The pictures in the listing below are to be skipped, while the lines between the line holding "Какие синдромы можно выделить?" and the line holding "日韩人妻熟女中文字幕日韩人妻熟女", inclusive, are to be output exactly.

DATA TO PROCESS below:

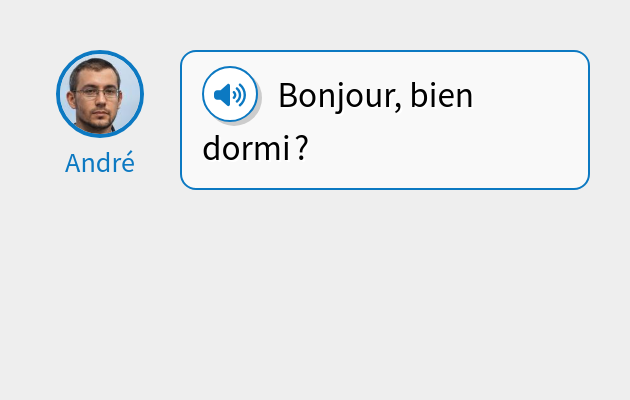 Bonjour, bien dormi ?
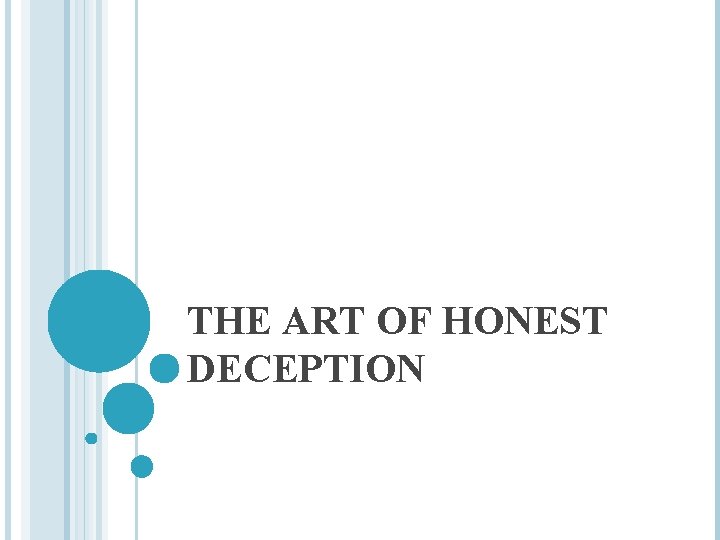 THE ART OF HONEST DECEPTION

End of DATA TO PROCESS.
DATA TO PROCESS below:

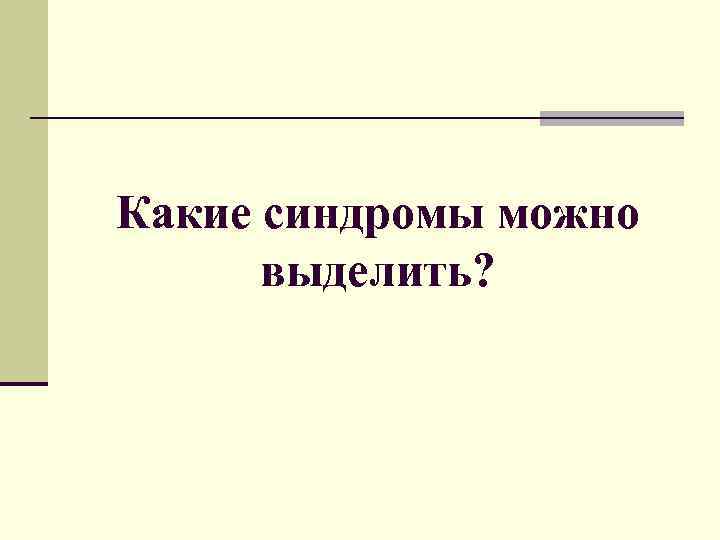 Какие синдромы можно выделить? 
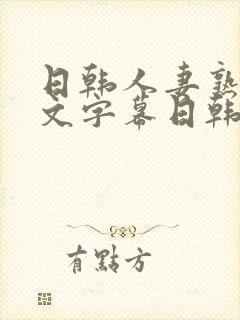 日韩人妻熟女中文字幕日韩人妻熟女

End of DATA TO PROCESS.

» ANSWER SECTION
 Какие синдромы можно выделить? 
 日韩人妻熟女中文字幕日韩人妻熟女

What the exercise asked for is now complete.